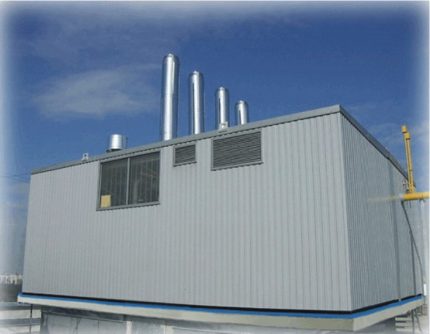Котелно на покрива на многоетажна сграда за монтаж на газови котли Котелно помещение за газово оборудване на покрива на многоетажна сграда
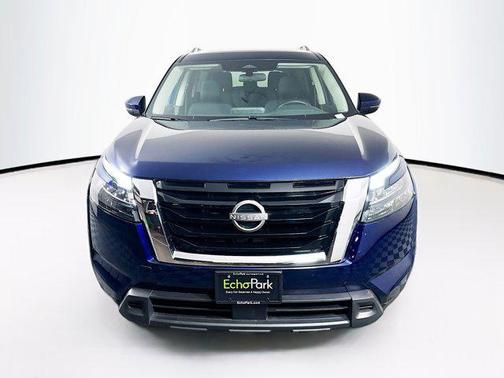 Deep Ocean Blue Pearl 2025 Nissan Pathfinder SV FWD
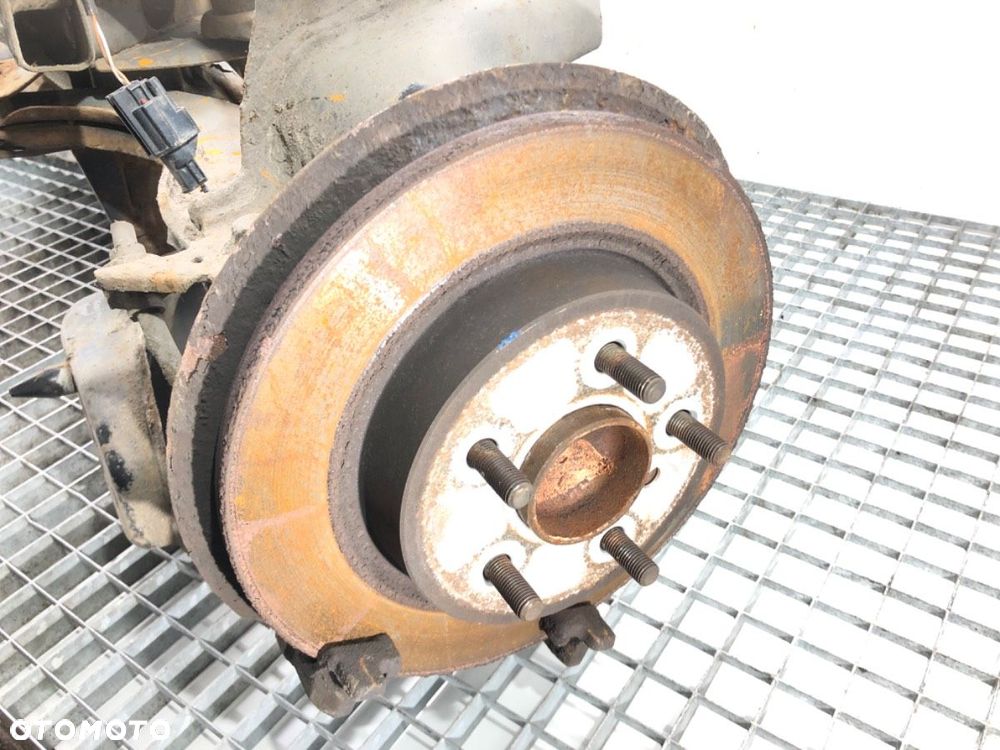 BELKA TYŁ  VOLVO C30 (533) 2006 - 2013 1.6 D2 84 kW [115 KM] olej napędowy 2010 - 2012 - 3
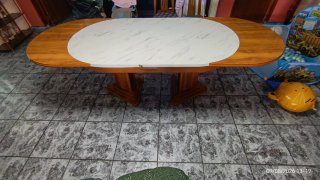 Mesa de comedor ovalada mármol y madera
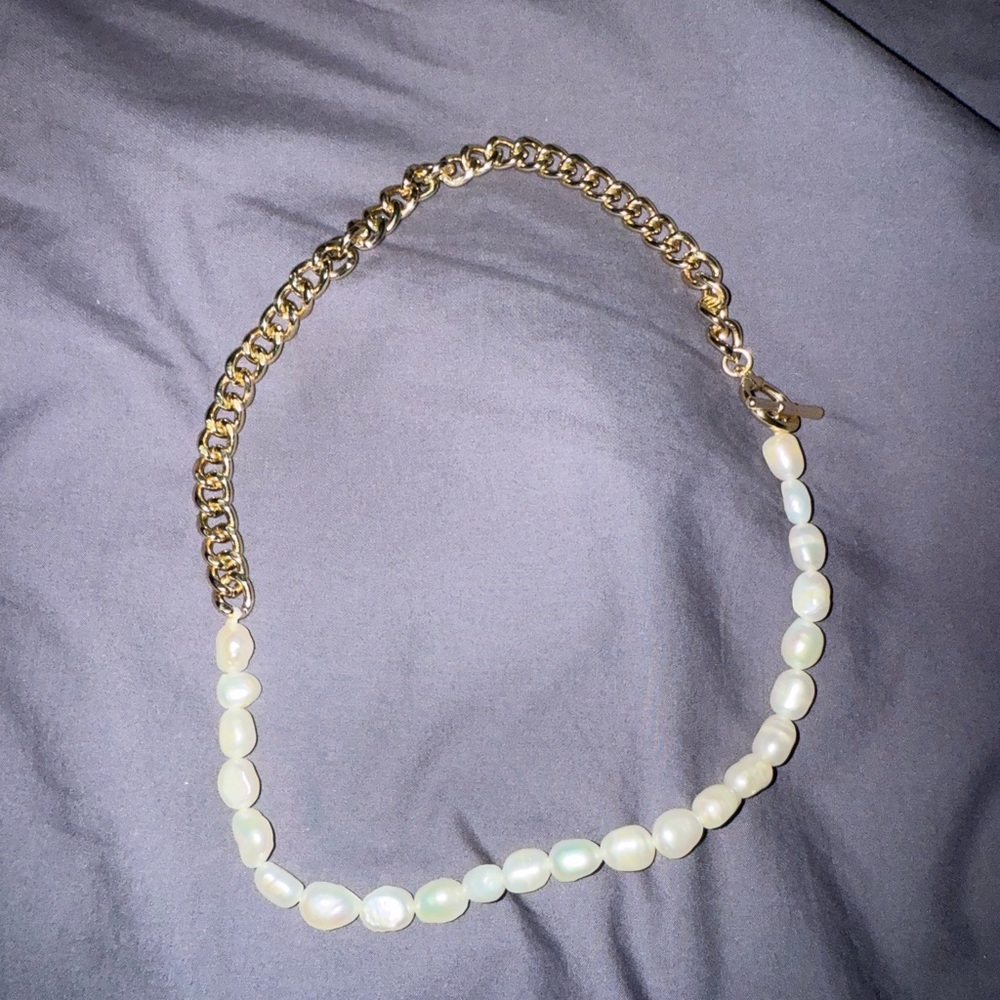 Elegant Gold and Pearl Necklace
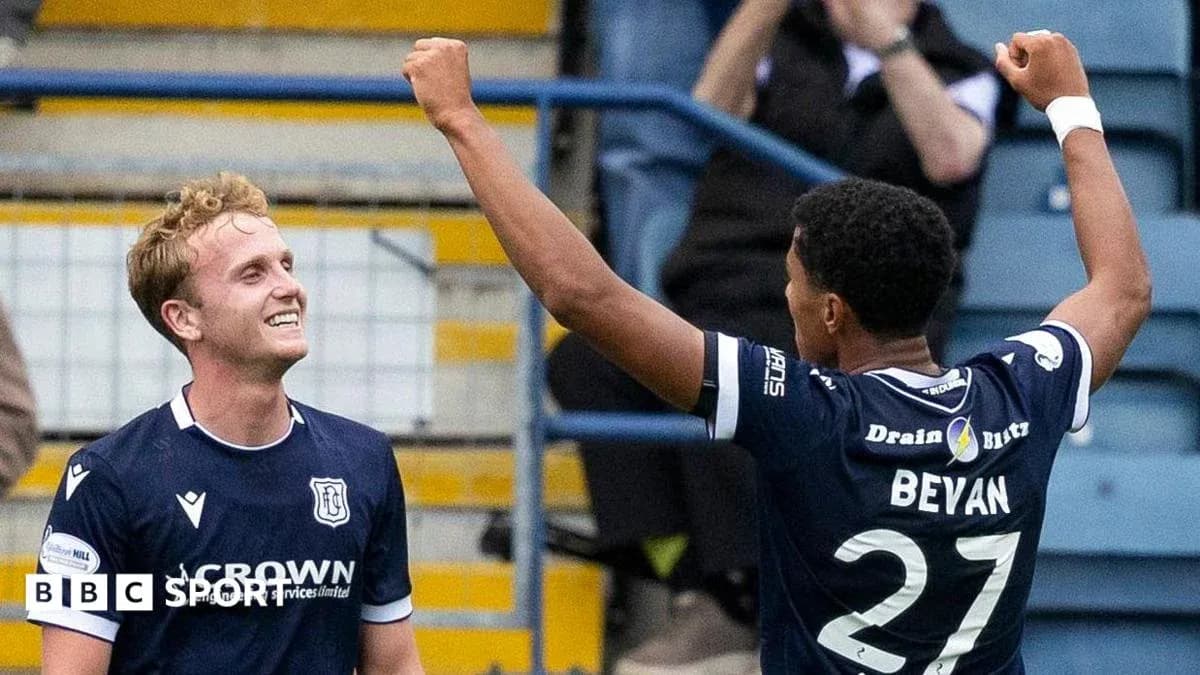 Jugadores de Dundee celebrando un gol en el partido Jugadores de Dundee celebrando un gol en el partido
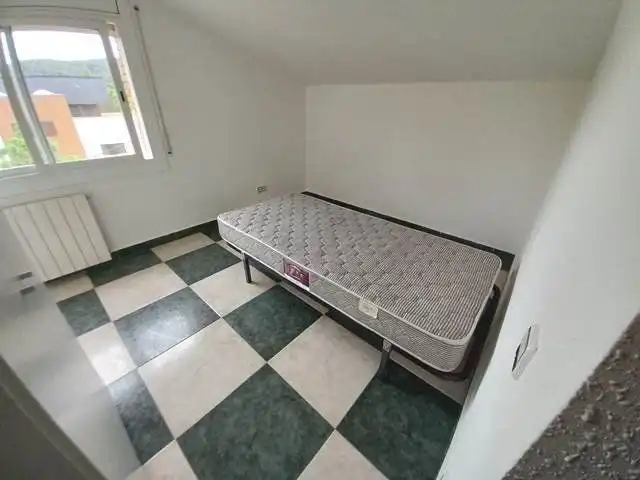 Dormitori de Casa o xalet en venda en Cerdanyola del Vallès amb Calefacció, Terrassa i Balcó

--*--

→ **Work instruction**
Could the data above be repeated exactly, with every picture dropped?

→ **Answer to the problem**
Котелно на покрива на многоетажна сграда за монтаж на газови котли Котелно помещение за газово оборудване на покрива на многоетажна сграда
 Deep Ocean Blue Pearl 2025 Nissan Pathfinder SV FWD
 BELKA TYŁ  VOLVO C30 (533) 2006 - 2013 1.6 D2 84 kW [115 KM] olej napędowy 2010 - 2012 - 3
 Mesa de comedor ovalada mármol y madera
 Elegant Gold and Pearl Necklace
 Jugadores de Dundee celebrando un gol en el partido Jugadores de Dundee celebrando un gol en el partido
 Dormitori de Casa o xalet en venda en Cerdanyola del Vallès amb Calefacció, Terrassa i Balcó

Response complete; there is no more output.